Gbol
This is a scratch page for thoughts on development of the GMOD Bio
Object Layer (GBOL).
== Note: This project is no longer active. ==
Contents
Object Layer Design Goals
- Provide a simple object layer for manipulating generic genomic
features, their locations, annotation properties, and supporting
analyses. This object layer will essentially mimic the structure of
GMOD’s Chado schema.
- Provide a set of biologically contextual objects that are extensions
of the abstract layer and that have type-specific convenience
functions and properties.
- The simple / bio object layers should be able to be used independently
of any connection to a data store.
- Provide a factory interface for the fetching / storing of GBOL
objects, as well as implementations that work with the Chado Schema
and ChadoXML files.
- EL: Make sure that the biological layer adheres to Chado best
practices in how it represents the data.

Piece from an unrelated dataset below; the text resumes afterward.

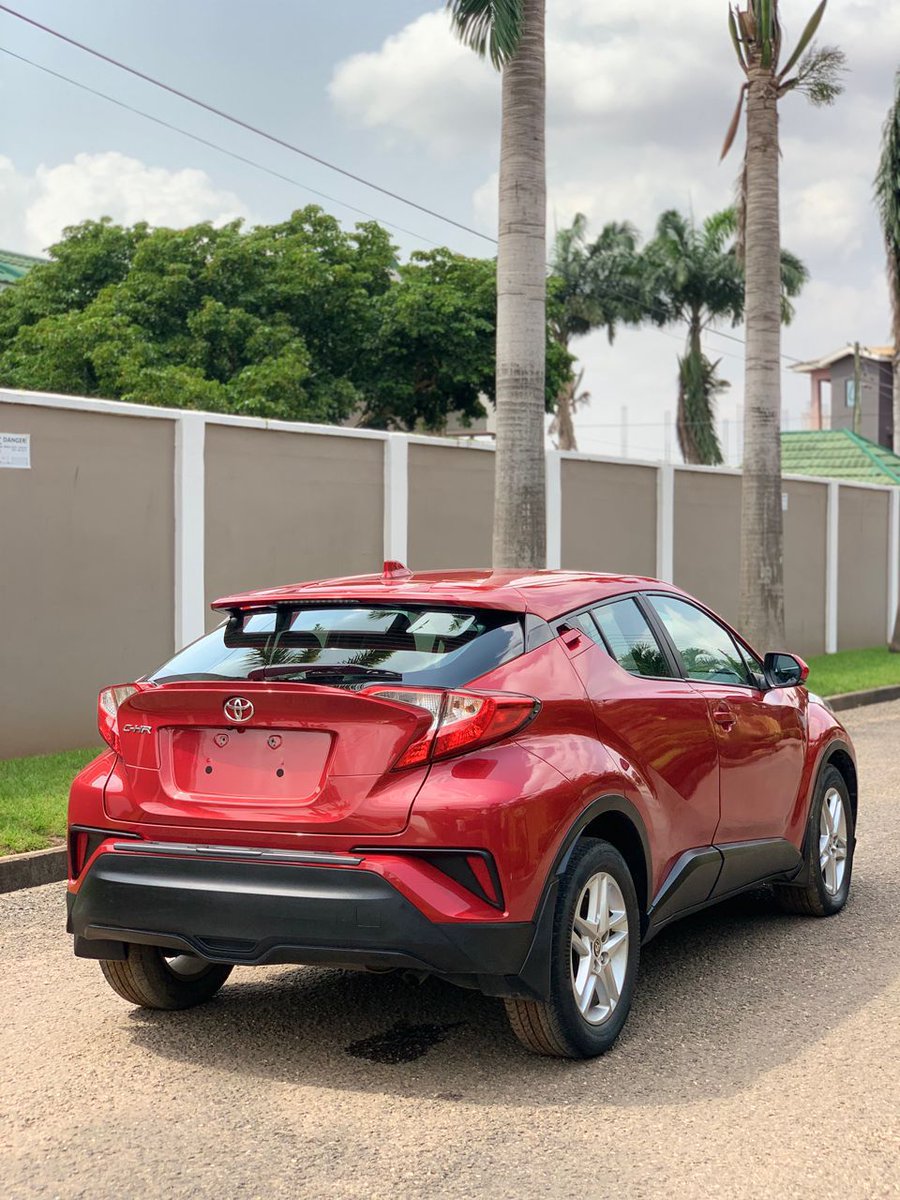 KOFISMART121's tweet photo. 2020 Toyota CH-R model is basic with a reverse camera and big android screen unregistered available slightly negotiable accident free, car was cleared recently touch down fresh in town https://t.co/3kcFZ4Q3kb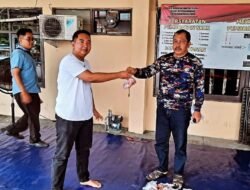 Polsek Banjarmasin Timur Bagi-Bagi Kebahagiaan di Hari Raya Idul Adha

We need to start
standardizing use.
Diagrams
- The bio object layer contains classes that are extensions of the
Simple Object layer classes. for instance, the Gene bio object class
extends the simple object layer Feature class and has convenience
methods like getTranscripts(). The feature set in the constructor by a
configuration adaptor.
- The simple object layer is made of of classes that are essentially a
transformation of the Chado Schema. For instance, there’s a CV class,
CVTerm class, Feature class, etc.
- The simple object factory interface declares methods for fetching and
saving simple objects to and from data stores. Initially, I’d like to
implement that against chado & chado xml.
Simple Object Layer
As stated above, the simple object layer is essentially the chado schema
in java object form.
- Random thoughts….
- In my first go around, I calculated equality and hascode based on
the property values that are specified as the unique constraints of
a table. For instance, equality of a Feature Object is based on
organism, type, and uniquename, This might be unexpected behavior if
people expect equality / hashcode to be evaluated based on all
object fields instead of a subset.
- Definitely want to go for the schema-driven class generation
approach if the tools are good enough.
Bio Object Layer
These BioObjects will be extensions of the simple object class Feature.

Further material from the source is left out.